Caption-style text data
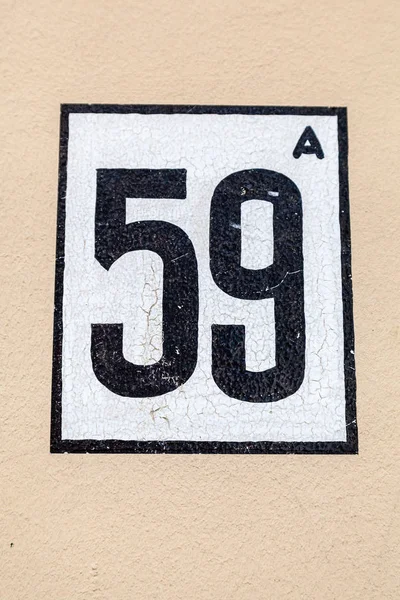 House number fifty-nine 59 in black on beige background on white painted rendered house wall in Belgium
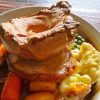 Traditional British roast dinner with Yorkshire pudding, roast beef, potatoes, carrots, peas and gravy on a rustic table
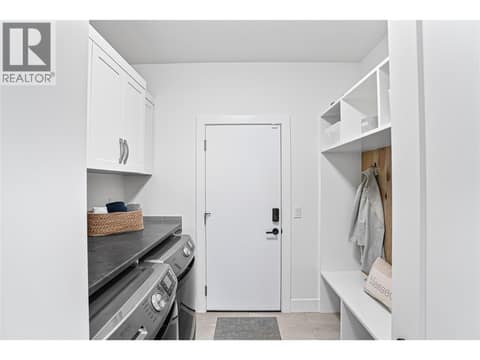Laundry / Mudroom just off Garage at 209 Ashcroft Place, Predator Ridge, Vernon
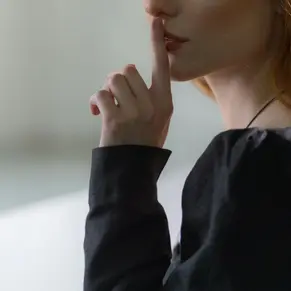 Woman puts fingers to her lips because sex is still a taboo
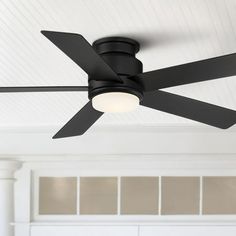 a black ceiling fan in a white room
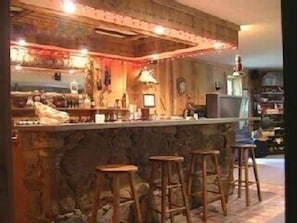 Eighteen foot, stone bar w/ refrigerator. BYOB and make it a night!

### Task statement
Leave images out of the retyped records; keep all else exact.

### Output for this exercise
 House number fifty-nine 59 in black on beige background on white painted rendered house wall in Belgium
 Traditional British roast dinner with Yorkshire pudding, roast beef, potatoes, carrots, peas and gravy on a rustic table
Laundry / Mudroom just off Garage at 209 Ashcroft Place, Predator Ridge, Vernon
 Woman puts fingers to her lips because sex is still a taboo
 a black ceiling fan in a white room
 Eighteen foot, stone bar w/ refrigerator. BYOB and make it a night!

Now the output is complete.